I couldn't be bothered to read through 18 pages of this debate honestly. I'm not too interested in participating on a one side or the other fashion. I did however want to add my perspective.
Why is my perspective relevant? I used to be the "prurience czar" on the image side of things at Amazon. What that means is that I was the one who policed what was and wasn't "acceptable" to display on their site. I wasn't involved in choosing what titles were or weren't sold mind you. Just in what imagery was acceptable. So while it's not the same as whoever opted to remove this title from their catalog, it's related. And it did lead to working with the marketing people that made those sell or don't sell decisions. So I have some inside poop.

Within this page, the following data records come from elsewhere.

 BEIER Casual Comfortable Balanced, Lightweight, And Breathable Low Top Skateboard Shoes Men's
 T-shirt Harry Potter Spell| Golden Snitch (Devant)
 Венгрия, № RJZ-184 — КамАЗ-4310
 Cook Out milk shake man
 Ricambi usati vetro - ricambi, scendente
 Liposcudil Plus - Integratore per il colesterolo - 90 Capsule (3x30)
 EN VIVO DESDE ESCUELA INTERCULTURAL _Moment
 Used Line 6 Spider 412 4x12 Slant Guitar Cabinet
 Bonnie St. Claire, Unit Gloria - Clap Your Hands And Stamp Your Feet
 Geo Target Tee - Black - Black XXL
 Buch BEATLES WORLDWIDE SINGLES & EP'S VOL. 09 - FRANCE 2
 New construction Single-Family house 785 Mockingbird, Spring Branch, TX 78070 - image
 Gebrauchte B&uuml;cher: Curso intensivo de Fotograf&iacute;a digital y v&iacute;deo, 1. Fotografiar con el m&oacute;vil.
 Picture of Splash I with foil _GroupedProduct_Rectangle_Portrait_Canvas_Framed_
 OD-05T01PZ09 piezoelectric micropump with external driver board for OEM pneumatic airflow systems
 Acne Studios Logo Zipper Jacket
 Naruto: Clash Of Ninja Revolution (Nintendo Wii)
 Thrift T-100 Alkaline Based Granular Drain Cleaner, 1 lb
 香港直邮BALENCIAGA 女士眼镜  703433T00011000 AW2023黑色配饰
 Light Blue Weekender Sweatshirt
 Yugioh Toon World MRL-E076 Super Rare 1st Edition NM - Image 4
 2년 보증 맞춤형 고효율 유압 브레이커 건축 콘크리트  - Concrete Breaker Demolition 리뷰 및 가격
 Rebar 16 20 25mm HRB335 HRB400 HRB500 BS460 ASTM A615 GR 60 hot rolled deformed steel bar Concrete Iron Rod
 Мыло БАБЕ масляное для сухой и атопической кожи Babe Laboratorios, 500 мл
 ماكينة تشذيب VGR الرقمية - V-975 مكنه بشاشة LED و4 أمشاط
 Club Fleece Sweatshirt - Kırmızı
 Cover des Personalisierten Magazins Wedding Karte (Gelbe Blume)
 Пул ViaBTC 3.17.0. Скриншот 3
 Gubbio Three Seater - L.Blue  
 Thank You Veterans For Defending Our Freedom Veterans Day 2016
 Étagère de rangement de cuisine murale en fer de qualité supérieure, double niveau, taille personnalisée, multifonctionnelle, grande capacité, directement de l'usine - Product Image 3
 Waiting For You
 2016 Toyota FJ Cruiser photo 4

Here's the thing ... they do have some definite lines drawn for what 100% can't be on the site. Then there's the grey area. Flagged stuff that has to get a thumbs up or down from someone. And yes, they work in a reactive fashion. The reason being that the percentage of things that would get flagged is fairly small. And the process to get things online would be seriously hobbled if everything had to go through the filter (part of my job was developing our processes for getting stuff online). So that means "bad" stuff often goes up and then gets pulled, rather than not going up at all. Ideal? No. But generally much more efficient for the 99.5% of product that isn't an issue.
For things in that grey area ... it's ... well ... grey. I was a lowly Photoshop jocky but debated VPs over images of naked man butts. And that's where the inconsistencies come in. If the person in charge of the catalog content get's word from someone higher up to pull something, they'll often pull it, it's what they're told to do. And often those higher up's aren't necessarily as altruistic as the catalog programmers, who are often in those jobs because they love books, etc. So if there's isn't the right person in place to defend a title, it'll get pulled.
There's a book called "The Toy". Innocuous title. Image of a woman in a cage, not a nun, but not naked. Ergo, fairly innocuous image. Neither alone an issue. However, the combination of the word "toy" with the imagery of a subjugated woman caused friction. Kids searching for playthings got S&M erotica.
Books like How to Rape a Straight Guy end up in similar conference calls. And if there's enough pressure, the person who actually handles the catalog would most likely choose to keep their career path clear rather than duke it out. You choose your battles.